Söz konusu baro olunca insan şöyle bir düşünüyor. Hele hayatında pasaport almak dışında hiç karakol ve mahkeme yüzü görmeyen ben, daha ciddi ciddi düşünüyorum. Çünkü biliyorum ki avukatlarla uğraşılmaz. Çünkü hukukun temel metinlerine bakınca, okumayı seven insanları dahi korkutan cilt cilt kitapları ezberlercesine okuyarak avukat oluyorlar.
Lakin mesele önemli. Hani her konuda sokaktaki insandan daha özgürlükçü ve öncü olmasını beklediğiniz hukuk insanlarının bazılarının, ideolojilerinin adaletin önüne koymaları şaşırtıcı.
***
Aslında sorun kişilerle ilgili değil. Zihniyetle ilgili. Kocasakal gitse Kabasakal gelse farkedecek mi? Hayır.
Sorun fakültelerde öğrencilere, 12 Eylül darbesinin ardından Kemalist ve tek tipçi anlayışla kurgulanmış bir hukuk eğitimi verilmesinde.
***
2012 baro seçimlerinden hemen öncesini hatırlayalım. Baro yine manşetlerdeydi. Staj Eğitim Merkezi'ne başörtülü girdiği tespit edilen stajyer avukatları "suçüstü" yakalayan Baro, onlara uyarı yazısı göndermiş ve derhal mahkeme dışına attırmıştı.
Baro tarafından Adliyelere asılan uyarı yazılarında aynen şu ifadelere yer verilmişti: "Baro odaları, icra müdürlükleri, mahkeme kalemleri ile cumhuriyet savcılıkları nezdinde görevin kamusal niteliği sebebiyle keşif ve haciz mahallerinde de türban takılmaması gerekmektedir."
***
Bundan on gün önce AK Parti İstanbul Milletvekili Avukat Bülent Turan, kendisinin de üyesi olduğu İstanbul Barosu'nun dokuz yönetim kurulu üyesinin, haklarında açılan dava nedeniyle yönetim kurulu üyeliklerinin düştüğünü söyledi.
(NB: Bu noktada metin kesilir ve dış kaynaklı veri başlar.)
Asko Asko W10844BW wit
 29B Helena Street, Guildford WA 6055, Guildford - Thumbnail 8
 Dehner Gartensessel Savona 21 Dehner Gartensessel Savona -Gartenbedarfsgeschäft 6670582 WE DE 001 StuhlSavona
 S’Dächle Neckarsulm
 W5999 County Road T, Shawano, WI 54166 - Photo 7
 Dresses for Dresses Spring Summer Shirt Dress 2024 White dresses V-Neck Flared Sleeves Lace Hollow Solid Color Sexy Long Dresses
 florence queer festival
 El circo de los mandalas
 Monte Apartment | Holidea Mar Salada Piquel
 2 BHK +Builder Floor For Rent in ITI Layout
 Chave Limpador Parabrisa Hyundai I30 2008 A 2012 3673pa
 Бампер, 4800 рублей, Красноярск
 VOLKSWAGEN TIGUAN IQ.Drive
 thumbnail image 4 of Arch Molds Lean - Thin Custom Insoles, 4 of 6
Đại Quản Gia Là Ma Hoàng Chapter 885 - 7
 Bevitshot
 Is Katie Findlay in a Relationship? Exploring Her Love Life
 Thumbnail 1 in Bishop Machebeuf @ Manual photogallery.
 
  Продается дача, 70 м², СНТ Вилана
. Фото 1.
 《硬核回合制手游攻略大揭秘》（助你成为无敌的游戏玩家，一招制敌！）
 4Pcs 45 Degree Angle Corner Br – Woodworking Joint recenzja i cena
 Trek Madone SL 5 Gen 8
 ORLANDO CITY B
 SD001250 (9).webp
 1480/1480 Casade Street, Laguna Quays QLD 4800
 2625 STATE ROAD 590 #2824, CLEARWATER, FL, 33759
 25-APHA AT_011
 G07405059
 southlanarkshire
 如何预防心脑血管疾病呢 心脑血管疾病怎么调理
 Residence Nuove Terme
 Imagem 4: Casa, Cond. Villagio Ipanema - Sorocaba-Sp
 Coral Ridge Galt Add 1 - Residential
Ve Turan, "Kocasakal 8 Şubat 2013'ten beri Baro Başkanlığı koltuğunu 'işgal' etmektedir" diyerek bu söylemini hukiki olarak da temellendirdi. Fakat başta Ahmet Hakan ve Fatih Altaylı olmak üzere birçok yazar Turan'a demedikleri sözü bırakmadı.
Hele Ahmet Hakan, adeta Kocasakal'ın avukatı gibi bir yazı döşendi. Turan'ın iddiasını, hukuki anlamda "maddi" gerekçelerle temellendirmesine karşın A. Hakan Bülent Turan'ı demokrasiye ket vurmak isteyen Sabih Kanadoğlu'na dahi benzetti.
Ahmet Hakan'ın "sık" ve "çok" yazmasından mıdır nedir, son zamanlarda çelişkili yazıları arttı sanki. Mesela her defasında "başörtüsü dostu" olduğunu ve kamuda başörtüsüne özgürlük istediğini söyleyen kim? A. Hakan'ın. Ancak başörtülü bir avukatı bırakın baroya almayı oteldeki bir toplantıya bile sokmayan yasakçı İstanbul barosunu hararetli bir şekilde savunan kim? Yine A. Hakan.
Fatih Altaylı'yı biliyoruz zaten. İşine geldiği gibi yazan biri. Ama hem başörtüsüne özgürlük isteyip hem demokrat ve modern takılıp hem de Kocasakal'ın avukatlığına soyunmak gerçekten zor zenaat.
***
Medyada "AK Parti düşmalığı"ndan mütevellit bir klişe var hep söylenen: "Çoğunluğun oyunu aldı diye AK Parti her zaman haklı değildir!"
İşte bu "anlamlı" klişeyi bu kez Bülent Turan muhataplarına yöneltti. Turan'ın, "Bu iki yazarın bakış açısına göre çoğunluğun oyunu alan kişi ve kurumlar, her türlü hukuksuzluğu yapmakta serbest midir? Demokrasi bu anlama mı gelmektedir?" sorusu, nedense yanıt bulmadı.
***
Çağın çok gerisinde kalmış ve insan hakları konusunda sınıfta kalmış bir baronun "baroyu kaptırmayacağız" diye çırpınması da ayrı bir komedi.
Hukuk ve adaleti öncelik yapması gereken insanların ideolojik zincirlerini öncelik yapması, tam da 'özgürlükçü' ve 'devrimci' bir baro duruşu değil mi?
Sahi önemli olan çoğunluk değil adaletti değil mi beyler?